The appellant was charged with and convicted of the crime of sexual battery upon a child eleven years of age or younger. His conviction was affirmed. Glendening v. State, 503 So. 2d 335 (Fla. 2d DCA 1987), aff'd, 536 So. 2d 212 (Fla. 1988), cert. denied, 492 U.S. 907, 109 S. Ct. 3219, 106 L. Ed. 2d 569 (1989).

After the appellant had exhausted his direct appeals, he appropriately sought postconviction relief by filing a motion pursuant to Florida Rule of Criminal Procedure 3.850. At the conclusion of an evidentiary hearing conducted in regard to some of the issues raised by the appellant in his motion, the trial court denied relief on all of the grounds contained in the motion. The appellant filed a timely notice of appeal.

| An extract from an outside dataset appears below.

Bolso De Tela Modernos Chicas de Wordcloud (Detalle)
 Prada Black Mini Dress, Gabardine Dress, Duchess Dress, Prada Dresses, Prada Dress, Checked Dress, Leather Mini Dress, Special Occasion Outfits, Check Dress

The trial court did not err by denying an evidentiary hearing on some of the issues raised by the appellant, nor did it err in its ruling on the merits of the appellant's motion. Although we summarily affirm the trial court's ruling on most of the issues raised, two of the appellant's contentions warrant further discussion.

First, the appellant contends that a witness, Ralph G. Fleming, Jr., recanted his trial testimony and that on the basis of this newly discovered evidence he is entitled to a new trial.

During the course of appellant's trial, Fleming testified that the appellant, in the presence of one Willie Flowers, admitted to him that he had committed the offense. Willie Flowers also testified at the trial that he overheard the appellant make the admission to Fleming. The testimony indicated that at the time the admission was made, the appellant, Fleming, and Flowers were all being held in the Sarasota County Jail.

At the evidentiary hearing held in connection with the appellant's rule 3.850 motion, Fleming testified and recanted the above mentioned testimony. He explained that he had lied at the trial because he had been threatened by Willie Flowers. Fleming testified that Flowers thought that he, Flowers, would receive a lighter sentence on charges pending against him in return for testifying against the appellant. Although Willie Flowers did not testify at the evidentiary hearing and recant his trial testimony, the appellant contends Flowers' testimony was so interwoven with Fleming's testimony that he established both witnesses lied at the original trial.

We reject the appellant's contention that Fleming's recantation requires a new trial on the basis of newly discovered evidence.

Although we agree with the principle that a final order procured by fraudulent testimony against a defendant in a criminal case is deserving of no protection and that due process requires a defendant be given every opportunity to expose the fraud and obtain relief from it, State v. Glover, 564 So. 2d 191 (Fla. 5th DCA 1990), an appellant is not automatically entitled to a new trial if a witness recants his testimony.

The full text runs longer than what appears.